The time for the chair to leave our home had come. No more would my daughter recline the back, extend the footrest and launch herself off her indoor playset. Finally I could stop worrying which kid-friend would end up with stitches from emulating my daughter’s antics. We will never figure out where that missing thumb screw goes: the one that fell out of the bottom one recline. I’m sure there is a whole set of knitting needles and stitch markers hidden in there, never to be found.
Before putting the chair out to the curb I went out to the garage, curled up, and read in it one last time. The book was A Man Called Ove, a perfect choice because my grandpa could have been named Ove he was so much like that character.

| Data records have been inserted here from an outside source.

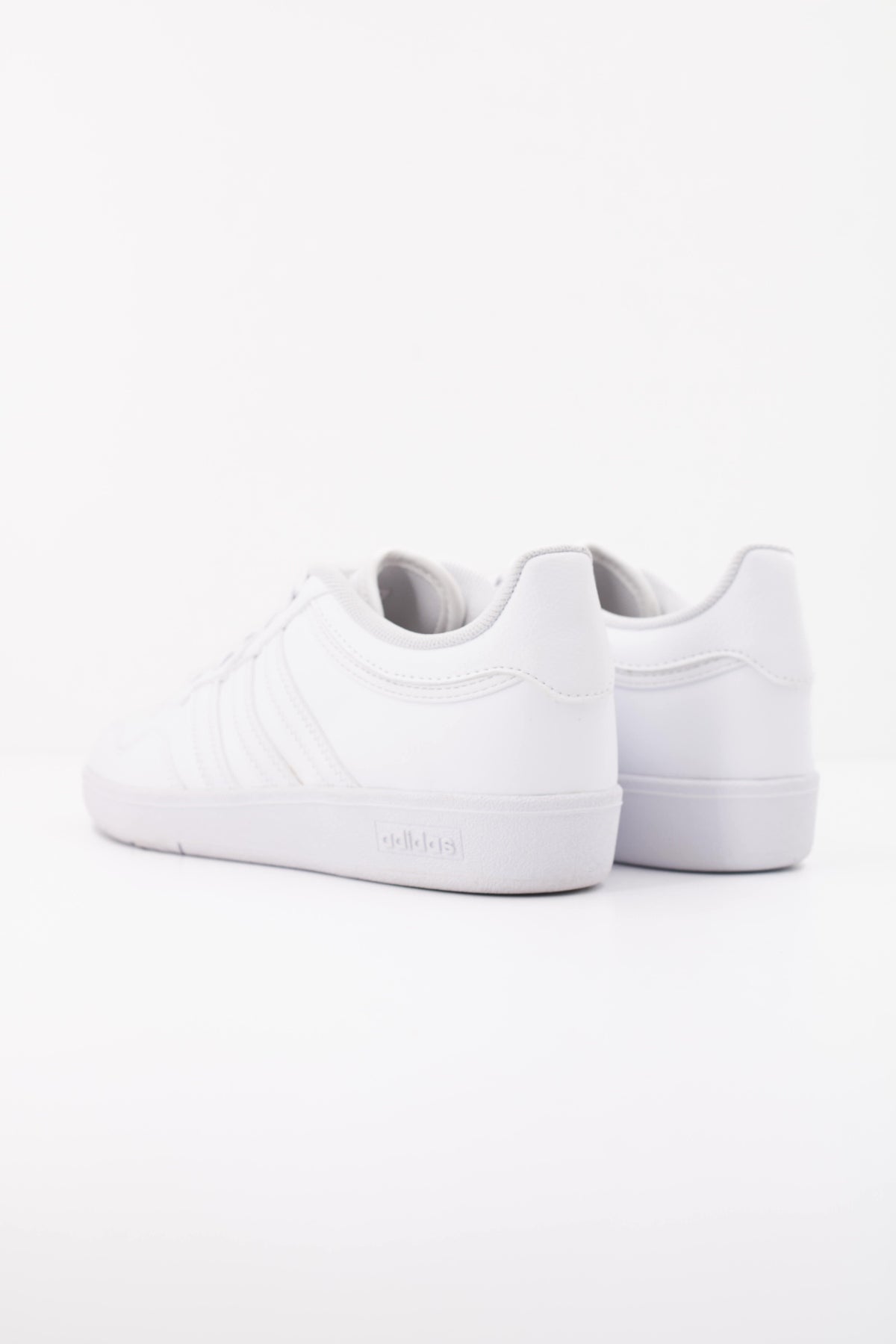 ADIDAS HOOPS . W en color BLANCO (4)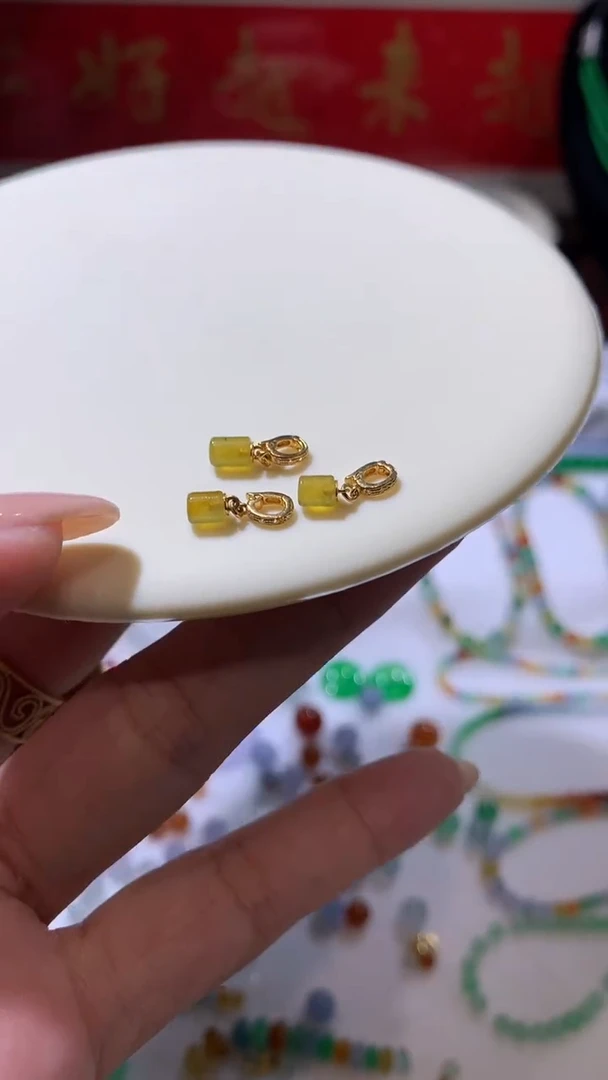 18K金镶嵌定制翡翠多样性发货一件发货4.3*3.5卡滴流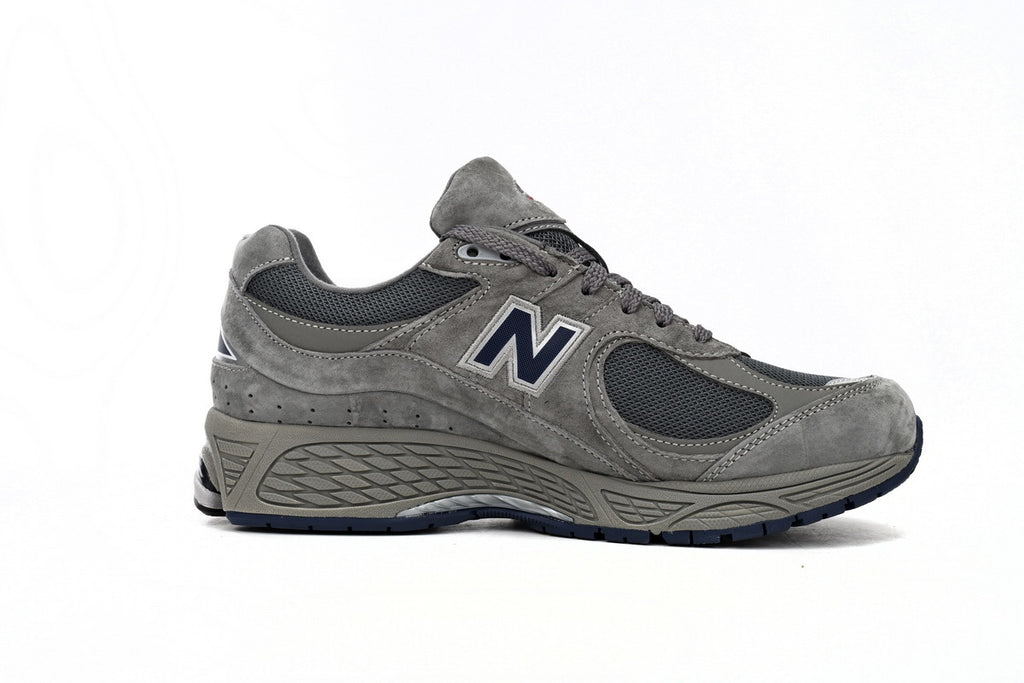 New Balance 2002R Sneakers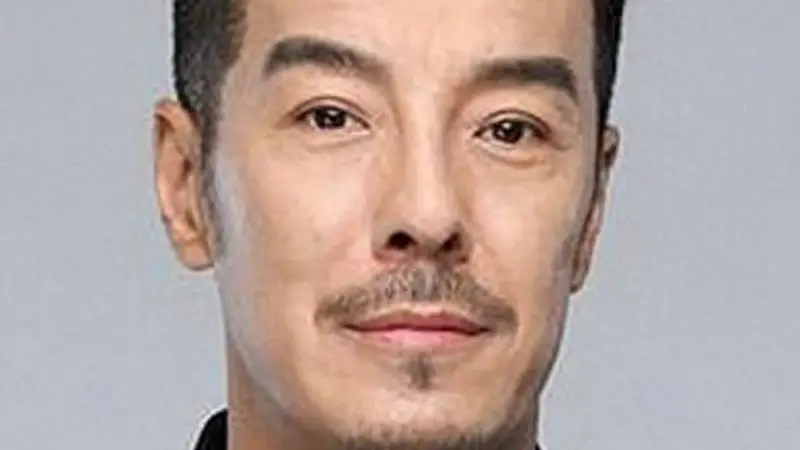 父亲是央视领导,他却偏不当关系户,娶二婚妻子,46岁才走红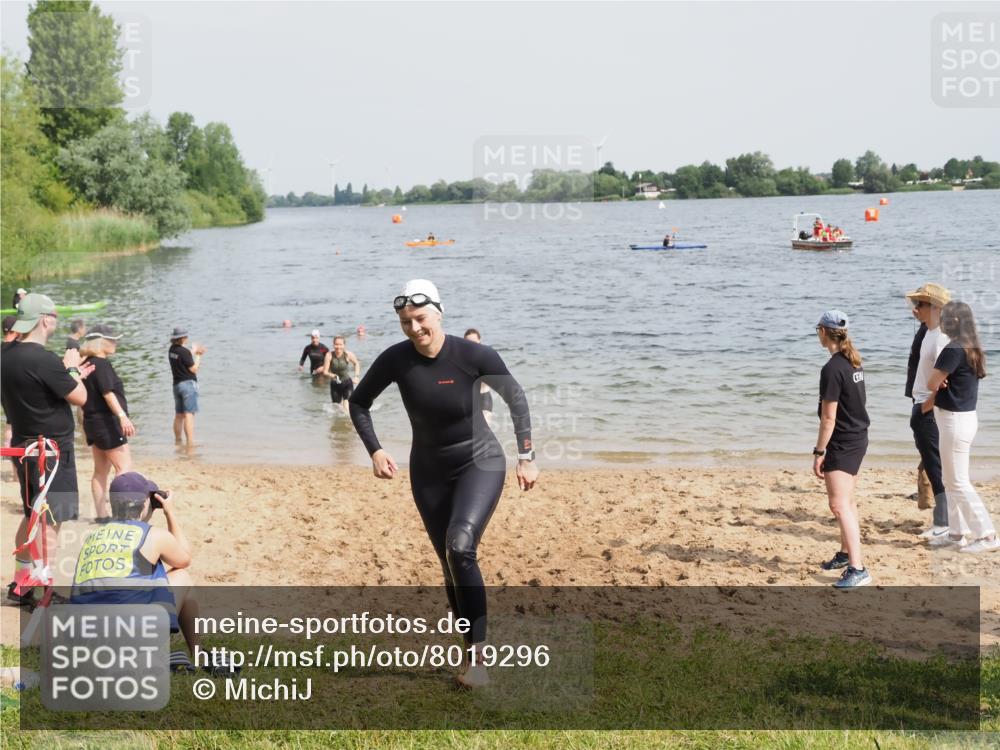 21.06.2025 - 27. Vierlanden-Triathlon MichiJ http://msf.ph/oto/8019296 15.06.2026 10:19:41 Schwimmen 503, 539, 603 meine-sportfotos.de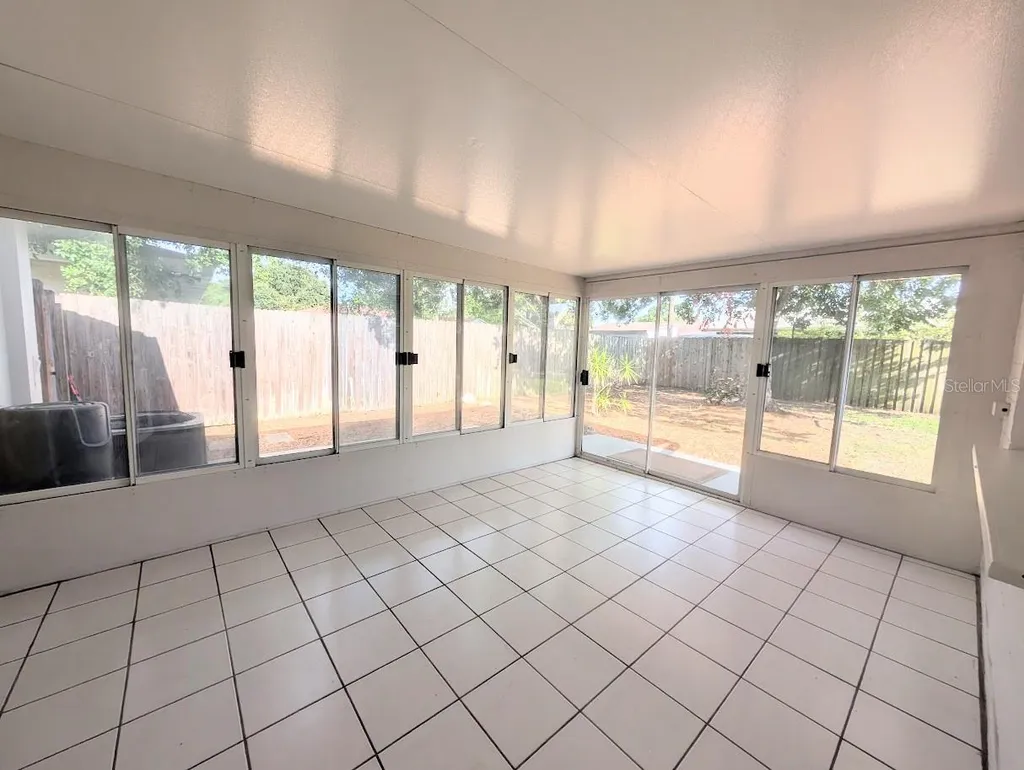 3902 W Paxton Avenue Tampa FL 33611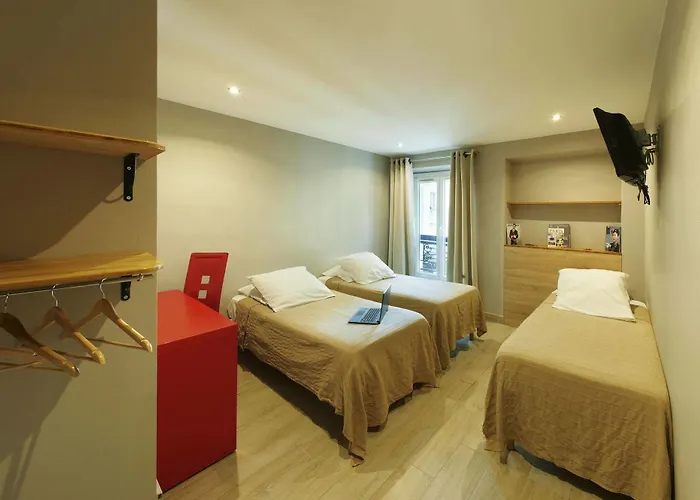 Montmartre Clignancourt Hotel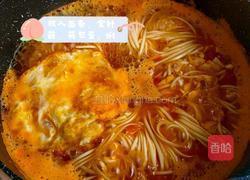 番茄酸汤焖面的做法图解2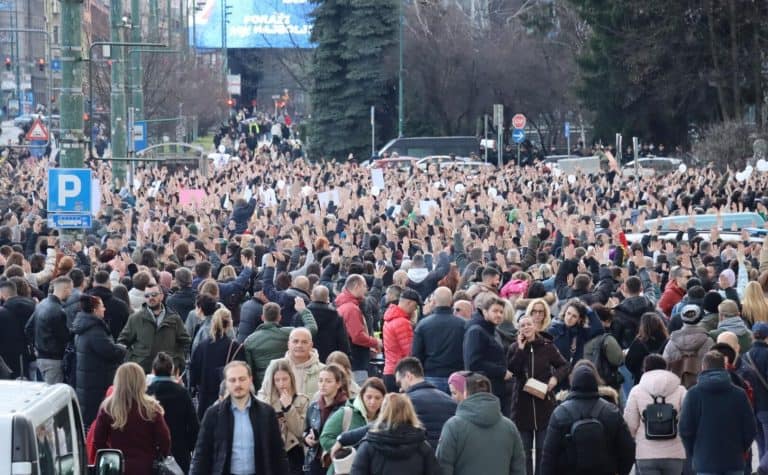veliki protest u sarajevu nakon tragicne saobracajne tranvajske nesrece okupilo ser mnogo gradjana blokirana saobracajnica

I read, I cried, I remembered, and I watched my cats stalk spiders and mice. Finally, I turned off the lights and, like a dope, said “Goodbye chair.” By the time I got home from work the next day it was gone. My mom said, “It was an awfully big memento,” and it was.
The first post-chair evening I was down in my study digging around in my sewing machine cabinet and for a moment I smelled cigarette smoke. Throughout my childhood my grandparents were both smokers and that scent still calls up memories of them. At that moment I realized that one of them was reminding me that my sewing machine belonged to my grandma. I remember sewing Halloween and theater costumes side by side. I still use her manual, filled with her hand written notes, every time I need to sew on rickrack. I still have a big memento and one that isn’t going anywhere. All I need to do to reconnect to them is sew something and, you know, my husband did just mention that the chicken coop needs curtains. (Well he actually said “The chicken coop needs window blankets,” but either way it means sewing project.)
I misquoted my mother in the original version. She did not say, “It makes me feel better knowing that if grandpa wasn’t already dead he’d be dead by now.” The corrected, and even sillier, quote is above. Thanks mom for pointing out my mistake. Love you!